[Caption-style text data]
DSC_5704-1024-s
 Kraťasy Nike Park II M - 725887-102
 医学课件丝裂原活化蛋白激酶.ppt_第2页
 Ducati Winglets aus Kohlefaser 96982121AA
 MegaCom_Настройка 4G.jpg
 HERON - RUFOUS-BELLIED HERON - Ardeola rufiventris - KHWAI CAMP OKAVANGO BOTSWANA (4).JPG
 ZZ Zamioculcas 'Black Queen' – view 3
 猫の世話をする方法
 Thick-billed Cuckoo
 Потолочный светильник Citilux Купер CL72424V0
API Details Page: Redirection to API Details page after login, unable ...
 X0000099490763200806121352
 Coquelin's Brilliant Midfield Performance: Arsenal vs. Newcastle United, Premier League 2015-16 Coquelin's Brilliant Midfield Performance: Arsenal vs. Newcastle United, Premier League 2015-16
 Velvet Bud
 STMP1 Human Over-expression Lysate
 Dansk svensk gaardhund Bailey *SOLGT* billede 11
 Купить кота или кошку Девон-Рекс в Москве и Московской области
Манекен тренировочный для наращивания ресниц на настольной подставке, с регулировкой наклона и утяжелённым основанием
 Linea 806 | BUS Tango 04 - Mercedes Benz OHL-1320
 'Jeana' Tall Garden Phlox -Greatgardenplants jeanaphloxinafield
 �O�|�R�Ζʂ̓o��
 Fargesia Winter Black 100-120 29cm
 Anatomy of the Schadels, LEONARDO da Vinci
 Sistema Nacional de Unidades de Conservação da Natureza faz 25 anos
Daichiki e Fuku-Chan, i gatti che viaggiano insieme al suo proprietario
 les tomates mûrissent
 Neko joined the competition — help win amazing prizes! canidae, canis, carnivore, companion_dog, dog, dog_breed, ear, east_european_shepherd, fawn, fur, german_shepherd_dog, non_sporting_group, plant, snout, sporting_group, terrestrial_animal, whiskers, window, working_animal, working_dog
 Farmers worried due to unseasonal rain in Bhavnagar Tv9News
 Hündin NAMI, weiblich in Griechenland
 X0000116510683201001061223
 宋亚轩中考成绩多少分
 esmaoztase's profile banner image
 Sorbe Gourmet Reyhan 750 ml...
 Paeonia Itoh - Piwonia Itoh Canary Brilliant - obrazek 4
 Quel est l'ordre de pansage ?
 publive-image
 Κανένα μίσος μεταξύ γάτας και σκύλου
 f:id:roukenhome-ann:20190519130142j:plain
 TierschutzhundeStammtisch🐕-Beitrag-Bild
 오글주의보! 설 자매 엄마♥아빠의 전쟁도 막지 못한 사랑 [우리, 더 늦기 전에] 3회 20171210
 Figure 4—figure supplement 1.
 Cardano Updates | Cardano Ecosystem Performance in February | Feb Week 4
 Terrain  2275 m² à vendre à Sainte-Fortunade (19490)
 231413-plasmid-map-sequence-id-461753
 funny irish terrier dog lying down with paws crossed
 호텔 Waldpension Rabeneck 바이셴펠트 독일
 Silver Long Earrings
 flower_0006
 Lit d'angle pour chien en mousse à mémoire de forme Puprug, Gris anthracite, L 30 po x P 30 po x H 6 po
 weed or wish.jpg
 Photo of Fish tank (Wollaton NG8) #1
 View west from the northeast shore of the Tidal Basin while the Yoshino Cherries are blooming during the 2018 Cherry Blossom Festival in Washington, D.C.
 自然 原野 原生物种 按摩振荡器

What the task requires
Transcribe each entry word for word.

Solved problem
DSC_5704-1024-s
 Kraťasy Nike Park II M - 725887-102
 医学课件丝裂原活化蛋白激酶.ppt_第2页
 Ducati Winglets aus Kohlefaser 96982121AA
 MegaCom_Настройка 4G.jpg
 HERON - RUFOUS-BELLIED HERON - Ardeola rufiventris - KHWAI CAMP OKAVANGO BOTSWANA (4).JPG
 ZZ Zamioculcas 'Black Queen' – view 3
 猫の世話をする方法
 Thick-billed Cuckoo
 Потолочный светильник Citilux Купер CL72424V0
API Details Page: Redirection to API Details page after login, unable ...
 X0000099490763200806121352
 Coquelin's Brilliant Midfield Performance: Arsenal vs. Newcastle United, Premier League 2015-16 Coquelin's Brilliant Midfield Performance: Arsenal vs. Newcastle United, Premier League 2015-16
 Velvet Bud
 STMP1 Human Over-expression Lysate
 Dansk svensk gaardhund Bailey *SOLGT* billede 11
 Купить кота или кошку Девон-Рекс в Москве и Московской области
Манекен тренировочный для наращивания ресниц на настольной подставке, с регулировкой наклона и утяжелённым основанием
 Linea 806 | BUS Tango 04 - Mercedes Benz OHL-1320
 'Jeana' Tall Garden Phlox -Greatgardenplants jeanaphloxinafield
 �O�|�R�Ζʂ̓o��
 Fargesia Winter Black 100-120 29cm
 Anatomy of the Schadels, LEONARDO da Vinci
 Sistema Nacional de Unidades de Conservação da Natureza faz 25 anos
Daichiki e Fuku-Chan, i gatti che viaggiano insieme al suo proprietario
 les tomates mûrissent
 Neko joined the competition — help win amazing prizes! canidae, canis, carnivore, companion_dog, dog, dog_breed, ear, east_european_shepherd, fawn, fur, german_shepherd_dog, non_sporting_group, plant, snout, sporting_group, terrestrial_animal, whiskers, window, working_animal, working_dog
 Farmers worried due to unseasonal rain in Bhavnagar Tv9News
 Hündin NAMI, weiblich in Griechenland
 X0000116510683201001061223
 宋亚轩中考成绩多少分
 esmaoztase's profile banner image
 Sorbe Gourmet Reyhan 750 ml...
 Paeonia Itoh - Piwonia Itoh Canary Brilliant - obrazek 4
 Quel est l'ordre de pansage ?
 publive-image
 Κανένα μίσος μεταξύ γάτας και σκύλου
 f:id:roukenhome-ann:20190519130142j:plain
 TierschutzhundeStammtisch🐕-Beitrag-Bild
 오글주의보! 설 자매 엄마♥아빠의 전쟁도 막지 못한 사랑 [우리, 더 늦기 전에] 3회 20171210
 Figure 4—figure supplement 1.
 Cardano Updates | Cardano Ecosystem Performance in February | Feb Week 4
 Terrain  2275 m² à vendre à Sainte-Fortunade (19490)
 231413-plasmid-map-sequence-id-461753
 funny irish terrier dog lying down with paws crossed
 호텔 Waldpension Rabeneck 바이셴펠트 독일
 Silver Long Earrings
 flower_0006
 Lit d'angle pour chien en mousse à mémoire de forme Puprug, Gris anthracite, L 30 po x P 30 po x H 6 po
 weed or wish.jpg
 Photo of Fish tank (Wollaton NG8) #1
 View west from the northeast shore of the Tidal Basin while the Yoshino Cherries are blooming during the 2018 Cherry Blossom Festival in Washington, D.C.
 自然 原野 原生物种 按摩振荡器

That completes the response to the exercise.